The latest addition to this list is Meghna Gulzar’s Raazi which is based on Harrinder Sikka’s book Calling Sehmat. Though Meghna did take some creative liberties tweaking a number of minor storylines for the adaptation, Raazi managed to make an impression in the minds of viewers with its powerful yet unbiased message on patriotism. The film was especially appreciated for it being a stark departure from recent chest-thumping jingoistic narratives in the patriotic films’ genre.
Vikramaditya Motwane’s Lootera, starring Ranveer Singh and Sonakshi Sinha was partly based on O Henry’s short story titled The Last Leaf. While Pakhi Roy Chaudhary was a character developed on the lines of the story itself, Motwane along with scriptwriter Bhavani Iyer created the character of the conman Nandu on their own. The film appealed to the audiences with its subtle take on love.
Though Sharat Chandra Chattopadhyay’s Devdas has been adapted numerous times for the silver screen including the overtly dramatic Sanjay Leela Bhansali’s Devdas starring Shah Rukh Khan, Aishwarya Rai and Madhuri Dixit, the one adaptation that stands out is Anurag Kashyap’s Dev.D. Starring Abhay Deol, Kalk Koechlin and Mahie Gill in the lead roles as Dev, Chanda and Paro respectively, the film’s modern take on the Bengali classic was loved by one and all.
An adaptation of Chetan Bhagat’s popular novel Five Point Someone, 3 Idiots starring Aamir Khan, R Madhavan and Sharman Joshi went on to break several records at the time of its release. Still considered to be one of Aamir Khan’s best films, the Rajkumar Hirani directorial presented a refreshing take on the futility of the existing education system in India. The film also starred Kareena Kapoor in a pivotal role and writers slightly changed the way the story ends.

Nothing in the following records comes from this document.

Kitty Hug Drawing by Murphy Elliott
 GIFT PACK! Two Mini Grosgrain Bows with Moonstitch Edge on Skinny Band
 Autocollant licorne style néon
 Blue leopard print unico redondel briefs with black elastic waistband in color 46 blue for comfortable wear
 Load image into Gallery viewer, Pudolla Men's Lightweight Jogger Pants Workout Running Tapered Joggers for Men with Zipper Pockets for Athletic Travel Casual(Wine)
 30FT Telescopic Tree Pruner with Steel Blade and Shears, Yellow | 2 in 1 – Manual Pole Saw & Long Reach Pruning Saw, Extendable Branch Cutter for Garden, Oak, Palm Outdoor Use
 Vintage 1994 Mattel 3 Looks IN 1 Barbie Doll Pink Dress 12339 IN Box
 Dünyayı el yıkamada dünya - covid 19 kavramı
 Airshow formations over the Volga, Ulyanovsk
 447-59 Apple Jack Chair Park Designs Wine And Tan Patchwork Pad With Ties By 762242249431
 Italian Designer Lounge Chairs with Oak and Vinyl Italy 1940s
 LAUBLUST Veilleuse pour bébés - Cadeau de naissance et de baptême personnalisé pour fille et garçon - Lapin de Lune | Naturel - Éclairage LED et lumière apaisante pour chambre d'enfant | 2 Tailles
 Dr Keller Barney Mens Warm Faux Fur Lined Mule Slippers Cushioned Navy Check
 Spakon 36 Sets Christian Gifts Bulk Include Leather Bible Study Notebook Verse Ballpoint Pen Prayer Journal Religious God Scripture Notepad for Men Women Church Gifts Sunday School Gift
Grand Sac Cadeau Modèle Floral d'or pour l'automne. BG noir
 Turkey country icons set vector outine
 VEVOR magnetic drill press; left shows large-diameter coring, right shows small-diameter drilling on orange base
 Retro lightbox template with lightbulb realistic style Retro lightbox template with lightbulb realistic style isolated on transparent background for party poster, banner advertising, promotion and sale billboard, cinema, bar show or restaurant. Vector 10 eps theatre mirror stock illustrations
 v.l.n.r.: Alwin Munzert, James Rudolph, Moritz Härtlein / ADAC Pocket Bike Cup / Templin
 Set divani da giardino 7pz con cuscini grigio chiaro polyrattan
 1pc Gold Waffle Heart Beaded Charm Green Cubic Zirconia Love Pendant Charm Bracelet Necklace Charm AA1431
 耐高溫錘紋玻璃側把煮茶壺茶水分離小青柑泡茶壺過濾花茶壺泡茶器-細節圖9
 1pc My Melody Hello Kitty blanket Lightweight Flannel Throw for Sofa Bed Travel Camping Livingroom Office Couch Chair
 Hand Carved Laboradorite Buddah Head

Vishal Bhardwaj has become a champion of sorts at adapting Shakespearian tragedies into Bollywood films. While his all three adaptations have been highly appreciated masterpieces, my personal favourite is his 2006 release Omkara which is based off Omkara. Starring Saif Ali Khan, Ajay Devgn, Kareena Kapoor and Vivek Oberoi in pivotal roles, Omkara is setMeeruteert, Uttar Pradesh. And just like the rest of his films, Bhardwaj especially excelled in providing Omkara a cultural identity of its own despite being an adaptation.